EXERCISE REQUIREMENTS: Please write out exactly the lines of the data below from the line holding "Index ABE166363 Schroefboor" through the line holding "Mikasa Gianna Ombre Sage Set of 4 White Wine Glasses Mikasa", and leave out the rest.

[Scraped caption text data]
┌──

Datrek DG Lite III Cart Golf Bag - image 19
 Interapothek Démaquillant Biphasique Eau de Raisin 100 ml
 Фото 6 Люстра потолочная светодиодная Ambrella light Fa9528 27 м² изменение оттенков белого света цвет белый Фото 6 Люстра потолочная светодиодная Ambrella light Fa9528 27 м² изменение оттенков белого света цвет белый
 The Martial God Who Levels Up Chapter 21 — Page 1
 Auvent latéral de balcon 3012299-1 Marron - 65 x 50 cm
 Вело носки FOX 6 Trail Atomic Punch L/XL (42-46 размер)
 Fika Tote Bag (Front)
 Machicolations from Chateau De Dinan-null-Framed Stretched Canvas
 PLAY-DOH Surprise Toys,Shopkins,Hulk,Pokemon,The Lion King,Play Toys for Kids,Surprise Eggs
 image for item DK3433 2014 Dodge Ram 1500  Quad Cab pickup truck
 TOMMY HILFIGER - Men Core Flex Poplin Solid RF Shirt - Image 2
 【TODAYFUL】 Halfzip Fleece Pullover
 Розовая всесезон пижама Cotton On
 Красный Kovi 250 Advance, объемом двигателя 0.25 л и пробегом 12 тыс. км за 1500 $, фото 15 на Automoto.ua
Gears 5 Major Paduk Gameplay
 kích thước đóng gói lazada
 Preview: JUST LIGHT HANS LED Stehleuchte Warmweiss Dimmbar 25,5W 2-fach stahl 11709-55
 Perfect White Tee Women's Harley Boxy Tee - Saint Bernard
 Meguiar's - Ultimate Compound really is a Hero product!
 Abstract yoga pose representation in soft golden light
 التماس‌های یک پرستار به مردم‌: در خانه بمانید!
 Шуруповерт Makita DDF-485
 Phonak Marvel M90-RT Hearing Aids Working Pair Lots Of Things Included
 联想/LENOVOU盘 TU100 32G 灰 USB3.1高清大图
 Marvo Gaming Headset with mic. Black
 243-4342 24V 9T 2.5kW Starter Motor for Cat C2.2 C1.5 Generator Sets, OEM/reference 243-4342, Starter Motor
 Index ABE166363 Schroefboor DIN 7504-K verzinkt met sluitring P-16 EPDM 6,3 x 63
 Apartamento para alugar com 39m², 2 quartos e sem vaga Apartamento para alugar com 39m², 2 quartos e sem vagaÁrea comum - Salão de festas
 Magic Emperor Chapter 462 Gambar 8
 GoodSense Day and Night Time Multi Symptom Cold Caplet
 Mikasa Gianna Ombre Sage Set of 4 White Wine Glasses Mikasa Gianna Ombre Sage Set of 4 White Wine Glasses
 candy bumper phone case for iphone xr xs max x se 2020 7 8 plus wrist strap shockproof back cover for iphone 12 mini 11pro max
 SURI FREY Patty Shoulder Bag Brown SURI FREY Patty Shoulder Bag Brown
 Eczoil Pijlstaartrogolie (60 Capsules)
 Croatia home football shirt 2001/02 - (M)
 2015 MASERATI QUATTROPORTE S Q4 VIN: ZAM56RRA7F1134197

└──

SOLUTION:
 Index ABE166363 Schroefboor DIN 7504-K verzinkt met sluitring P-16 EPDM 6,3 x 63
 Apartamento para alugar com 39m², 2 quartos e sem vaga Apartamento para alugar com 39m², 2 quartos e sem vagaÁrea comum - Salão de festas
 Magic Emperor Chapter 462 Gambar 8
 GoodSense Day and Night Time Multi Symptom Cold Caplet
 Mikasa Gianna Ombre Sage Set of 4 White Wine Glasses Mikasa Gianna Ombre Sage Set of 4 White Wine Glasses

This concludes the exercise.